Nato a Houston, Texas, nel 1936, Burke non è certo un accademico nel senso ortodosso del termine: ha infatti lavorato nell’industria petrolifera e poi come giornalista ed impiegato all’ufficio di collocamento in Louisiana, è stato quindi professore di College nel Kentucky e successivamente assistente sociale a Los Angeles, senza che tutto questo gli impedisse di prendere una laurea in Letteratura Inglese presso la University of Missouri nel 1960.
Eppure tutto questo girovagare non lo ha distolto dal suo grande amore per la Louisiana ed il Texas, che poi, guarda caso, sono i due Stati in cui vengono ambientati i cicli di avventure dei suoi due personaggi di maggior successo, quelli che gli hanno permesso di scalare le classifiche di mezzo mondo e di vincere ben due Edgar Awards.

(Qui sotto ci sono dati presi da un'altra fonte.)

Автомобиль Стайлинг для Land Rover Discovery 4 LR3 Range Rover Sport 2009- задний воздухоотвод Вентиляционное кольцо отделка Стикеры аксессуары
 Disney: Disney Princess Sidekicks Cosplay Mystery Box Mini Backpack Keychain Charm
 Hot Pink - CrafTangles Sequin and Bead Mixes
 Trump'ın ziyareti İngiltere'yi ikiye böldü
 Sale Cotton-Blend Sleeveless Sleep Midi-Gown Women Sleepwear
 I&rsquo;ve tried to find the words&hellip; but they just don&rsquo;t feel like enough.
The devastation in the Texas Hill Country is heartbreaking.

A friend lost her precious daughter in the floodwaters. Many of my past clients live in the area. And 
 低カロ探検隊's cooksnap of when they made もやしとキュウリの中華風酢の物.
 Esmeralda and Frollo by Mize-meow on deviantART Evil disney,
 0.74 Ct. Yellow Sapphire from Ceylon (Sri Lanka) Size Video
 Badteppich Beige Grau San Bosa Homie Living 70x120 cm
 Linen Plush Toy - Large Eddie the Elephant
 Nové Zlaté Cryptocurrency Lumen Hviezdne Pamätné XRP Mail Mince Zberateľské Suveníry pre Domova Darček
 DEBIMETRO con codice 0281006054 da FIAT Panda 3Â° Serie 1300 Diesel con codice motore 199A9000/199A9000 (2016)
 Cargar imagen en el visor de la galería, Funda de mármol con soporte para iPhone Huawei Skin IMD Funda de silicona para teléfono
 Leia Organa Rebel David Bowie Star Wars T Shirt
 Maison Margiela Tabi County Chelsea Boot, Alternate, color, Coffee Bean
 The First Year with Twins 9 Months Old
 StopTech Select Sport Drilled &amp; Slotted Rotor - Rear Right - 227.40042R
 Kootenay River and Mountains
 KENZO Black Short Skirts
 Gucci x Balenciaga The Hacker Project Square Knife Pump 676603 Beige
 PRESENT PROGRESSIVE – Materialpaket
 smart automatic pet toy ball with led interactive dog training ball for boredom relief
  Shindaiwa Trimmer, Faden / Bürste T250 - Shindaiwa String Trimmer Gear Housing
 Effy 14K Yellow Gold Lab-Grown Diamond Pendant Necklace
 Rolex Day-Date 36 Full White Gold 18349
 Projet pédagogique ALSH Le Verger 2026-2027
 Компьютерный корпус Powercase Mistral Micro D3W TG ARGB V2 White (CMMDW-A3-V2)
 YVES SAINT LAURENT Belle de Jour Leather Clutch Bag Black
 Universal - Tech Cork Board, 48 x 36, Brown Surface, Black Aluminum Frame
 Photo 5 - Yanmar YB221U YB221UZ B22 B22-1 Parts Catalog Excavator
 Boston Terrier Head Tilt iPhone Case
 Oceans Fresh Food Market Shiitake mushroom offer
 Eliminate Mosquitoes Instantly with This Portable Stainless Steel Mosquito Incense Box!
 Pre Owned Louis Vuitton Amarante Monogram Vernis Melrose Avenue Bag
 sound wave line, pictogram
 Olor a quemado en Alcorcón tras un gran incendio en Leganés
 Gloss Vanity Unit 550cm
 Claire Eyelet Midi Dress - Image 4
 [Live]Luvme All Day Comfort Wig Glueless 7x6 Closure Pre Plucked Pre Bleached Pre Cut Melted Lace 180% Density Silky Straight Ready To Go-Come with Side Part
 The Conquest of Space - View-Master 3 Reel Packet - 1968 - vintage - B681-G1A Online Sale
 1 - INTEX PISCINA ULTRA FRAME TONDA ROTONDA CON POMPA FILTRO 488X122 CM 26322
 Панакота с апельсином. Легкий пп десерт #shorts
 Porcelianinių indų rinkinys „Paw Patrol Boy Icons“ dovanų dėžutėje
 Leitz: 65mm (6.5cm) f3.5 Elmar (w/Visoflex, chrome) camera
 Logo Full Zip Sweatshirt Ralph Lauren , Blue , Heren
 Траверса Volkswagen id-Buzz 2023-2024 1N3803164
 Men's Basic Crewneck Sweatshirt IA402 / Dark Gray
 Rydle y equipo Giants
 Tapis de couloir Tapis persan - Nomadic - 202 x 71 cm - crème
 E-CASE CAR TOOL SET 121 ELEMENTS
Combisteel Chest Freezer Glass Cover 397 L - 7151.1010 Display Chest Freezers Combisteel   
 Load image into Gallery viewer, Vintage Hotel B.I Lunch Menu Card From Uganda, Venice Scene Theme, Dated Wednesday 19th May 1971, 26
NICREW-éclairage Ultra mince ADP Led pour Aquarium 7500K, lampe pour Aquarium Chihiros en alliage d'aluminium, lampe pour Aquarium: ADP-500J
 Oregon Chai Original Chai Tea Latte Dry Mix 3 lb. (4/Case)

Parliamo naturalmente del detective cajun Dave Robicheaux e l’avvocato texano Billy Bob Holland. Autore superbo, definito da Jonathan Kellerman “il Faulkner della Crime Fiction”, ma i riferimenti possibili sarebbero infiniti, da Flannery O’Connor a Erskine Caldwell tanto per nominarne un paio, James Lee Burke è uno di quegli scrittori in grado di rivoluzionare il concetto di noir, riuscendo a fondere i tratti caratteristici del genere con il lirismo vibrante della letteratura del sud. Infatti, anche a causa del suo vissuto, Burke è, a dispetto delle etichette e delle categorie di scrittore di noir doc pure certamente utili sotto il profilo divulgativo-informativo, anche e soprattutto autore di romanzi sociali.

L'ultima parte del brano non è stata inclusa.